Latent Mappings: Generating Open-Ended Expressive Mappings Using Variational Autoencoders

Tim Murray-Browne; Panagiotis Tigas

doi:doi:10.21428/92fbeb44.9d4bcd4b

Abstract

In many contexts, creating mappings for gestural interactions can form part of an artistic process. Creators seeking a mapping that is expressive, novel, and affords them a sense of authorship may not know how to program it up in a signal processing patch. Tools like Wekinator [1] and MIMIC [2] allow creators to use supervised machine learning to learn mappings from example input/output pairings. However, a creator may know a good mapping when they encounter it yet start with little sense of what the inputs or outputs should be. We call this an open-ended mapping process. Addressing this need, we introduce the latent mapping, which leverages the latent space of an unsupervised machine learning algorithm such as a Variational Autoencoder trained on a corpus of unlabelled gestural data from the creator. We illustrate it with Sonified Body, a system mapping full-body movement to sound which we explore in a residency with three dancers.

Author Keywords

Mapping, sonification, unsupervised learning, latent space, interactive dance, creative process, latent mapping, open-ended mapping process.

CCS Concepts

•Applied computing → Sound and music computing; Performing arts; •Information systems → Music retrieval;

Introduction

The mapping defines the relationship between sensor and synthesizer in a digital musical interface. We introduce the latent mapping, an approach to generating arbitrary yet expressive mappings using unsupervised machine learning (ML).

Our target use cases are mappings generated as part of a creative process, such as those created for specific performative work or interactive sound installation [3], although our approach may be of value to those designing Digital Musical Instruments intended for general use. We use the term creator to describe the person creating the mapping, who may be a musician, composer, artist, or otherwise.

We developed this approach in response to the needs of our own artistic work transforming full-body movement to sound and we describe it in this context. However, it responds more to the needs of a certain type of creative process rather than a specific performative domain. We offer it as a general approach to creating mappings for gestural interaction.

The Mapping Process

Mappings are shaped by the tools and processes by which they are made [4]. Low-level tools such as PureData and Supercollider naturally afford a bottom-up approach described as the ‘engineering default’ [5]: begin with simple one-to-one linear mappings and incrementally add complexity.
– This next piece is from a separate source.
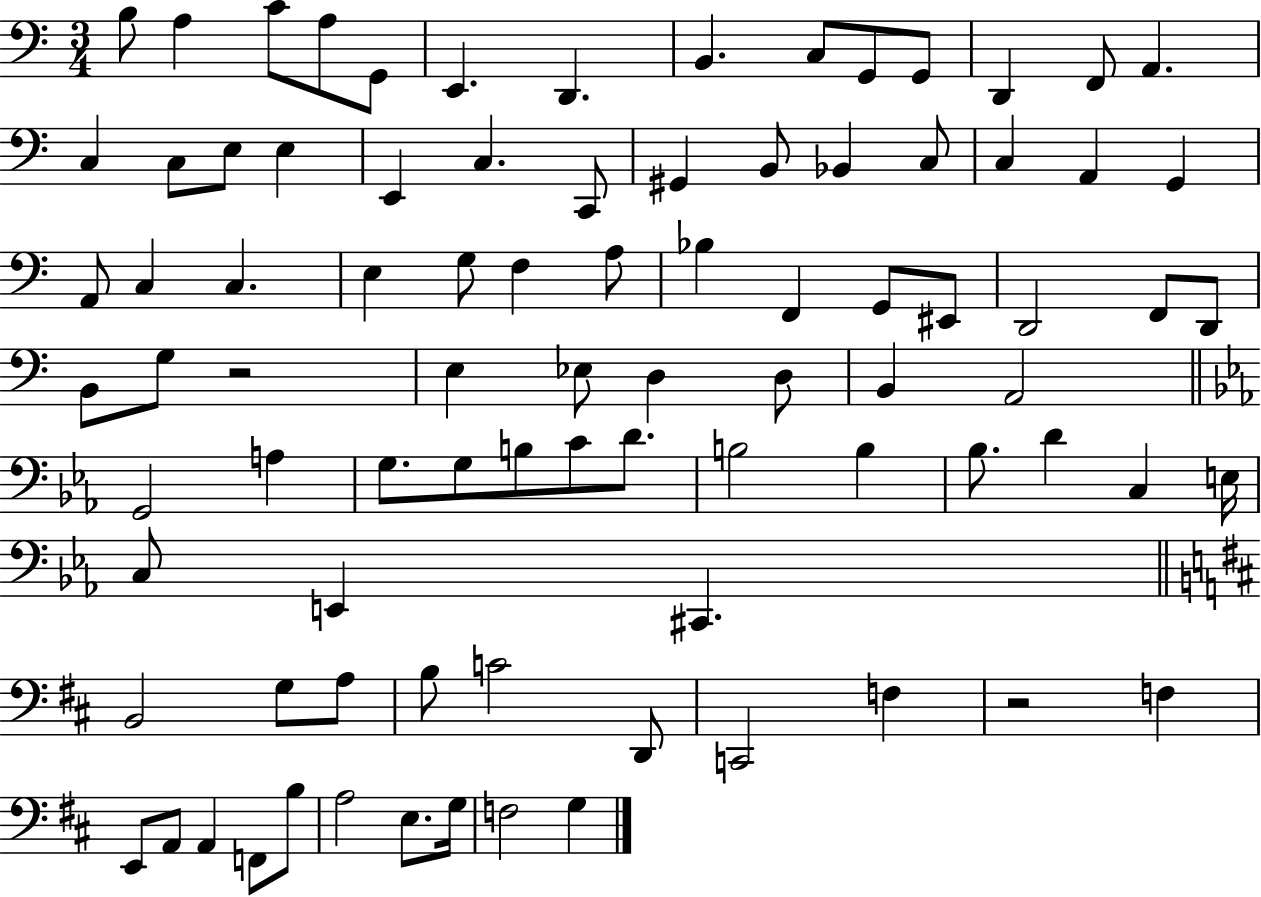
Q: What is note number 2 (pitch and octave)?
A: A3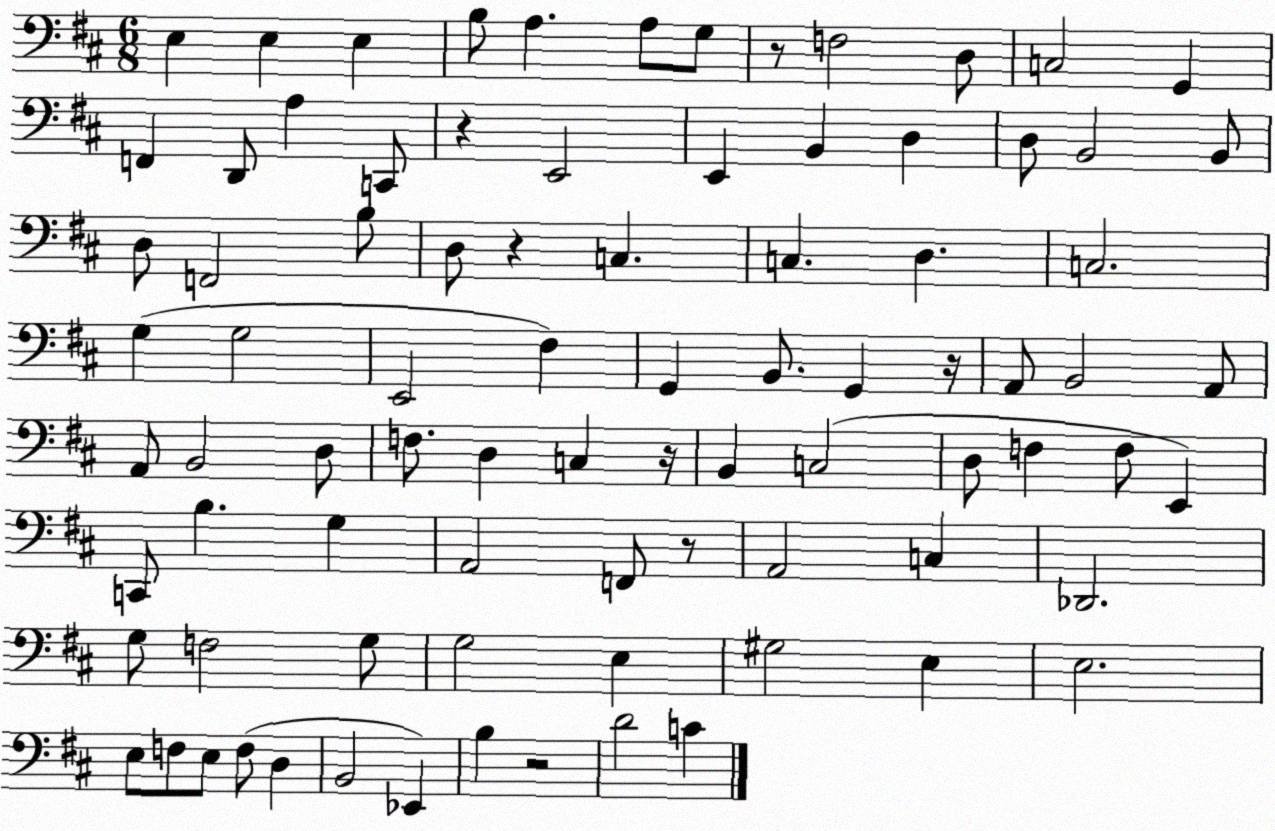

A limitation of bottom-up approaches is that our representation of the body begins in the parameter space of the sensor rather than the intuitive, holistic representation we naturally have with the body, which we describe as a semantic representation. An example of a semantic representation includes the choreographer Laban’s classification of movement by time, flow, space, and weight [6]. Much of the work of the mapping process is transforming sensor inputs into higher-level parameters, often drawing on knowledge of signal processing. Quality of movement such as ‘heavy’ or ‘light’ may be semantically simple, and one human might quickly communicate to another what they mean by these terms. But evaluating whether a sensor signal corresponds to a ‘heavy’ or ‘light’ movement is a challenge likely requiring a complex solution.

three-layer mapping model — **Figure 1**
Hunt et al.’s three layer mapping model (our annotations on the right)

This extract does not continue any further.